16-01 Seyfert Galaxies and Radio Galaxies


  • Seyfert Galaxies

    (What should the spectrum of a galaxy look like?)

    In 1943, Carl Seyfert published his study of some spiral galaxies with peculiar nuclei, which are bright and unresolved (a point source within the instrument resolving power).
    They have emission lines on top of a strong continuum in their spectra!


    [The Seyfert galaxy NGC 1566]


    [The Seyfert galaxy NGC 7742]


    [The Seyfert galaxy NGC 7674]

  • Seyfert I: broad emission lines (1000 km/sec ~ 10000 km/sec), luminous in UV, X-rays
  • Seyfert II: narrow emission lines ( ~ 500 km/sec), luminous in IR

    [Seyfert I (Mrk 1243) and Seyfert II (Mrk 1157) spectra]

  • Seyferts may vary significantly within weeks.
  • About 2% of all spiral galaxies are Seyfert galaxies.
    (What could make a bright, varying, compact core of a Seyfert galaxy?)


  • Radio Galaxies

    The first discrete radio sources other than the Sun are Cygnus A, Cas A and Puppis A.

    [Radio emission (160 MHz) in the whole sky (plotted in equatorial coordinates), taken from Grote Reber 1944, ApJ 100, 279. The emission is basically along the galactic plane with local maxima in the constellations Cassiopeia, Cygnus and Puppis.]


    [A more modern view of Cygnus A in radio and optical.

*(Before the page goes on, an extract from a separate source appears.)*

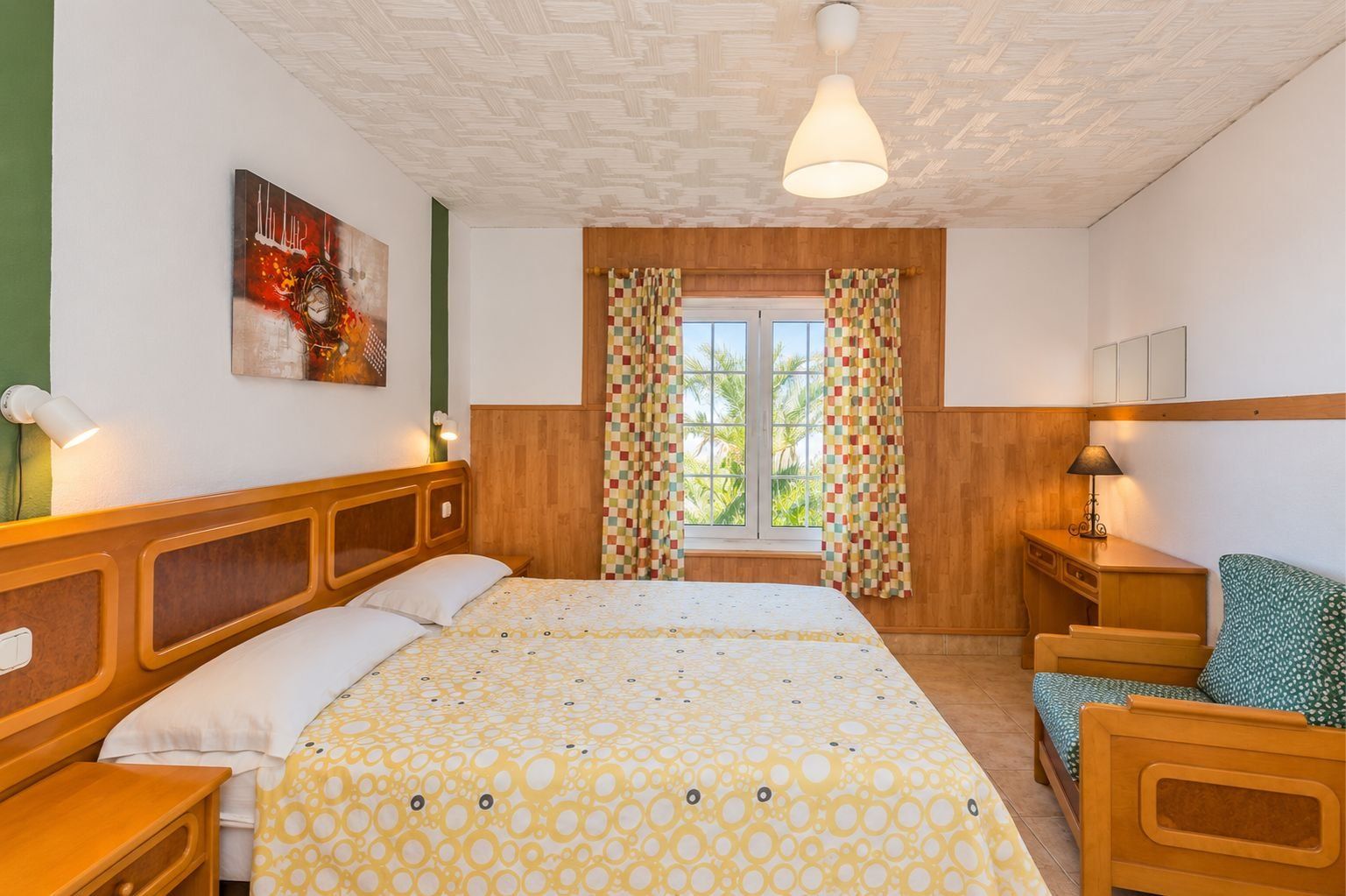 Ein Hotelzimmer mit Bett, Sessel, Schreibtisch, Lampe, einem Fenster mit Vorhängen und einem Bild an der Wand.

The two radio lobes span about 2 arcminutes. Walter Baade and Rudolph Minkowski found the optical counterpart of Cyg A (1954, ApJ 119, 206). It is a peculiar (with emission lines) elliptical galaxy. Its redshift is 0.056, corresponding to a recession velocity of 16,000 km/sec, a distance of 170h-1 Mpc.]
     
    Double-lobed radio sources


    [3C 388]


    [NGC 1316 (Fornax A)]

    One-sided jets

    [The M87 radio image]


    [Centaurus A]

    Typical sizes are 50 kpc ~ 5 Mpc.
    The central galaxy is usually a giant elliptical, also with emission lines (NLRGs, BLRGs)
    (Seyferts are radio-quiet spirals; radio galaxies are ellipticals; more and more exceptions are found.)

  •  
  • Jets and lobes

    1. Hot spots

    [An inner section of the M87 jet]

    2. Superluminal motion (a movie of the M87 jet; see the next section for the cause of being superluminal.)
     
    3. Power-law spectra (nonthermal, very probably from synchrotron radition) 

    4. The formation (ejection and collimation) of jets is still poorly understood.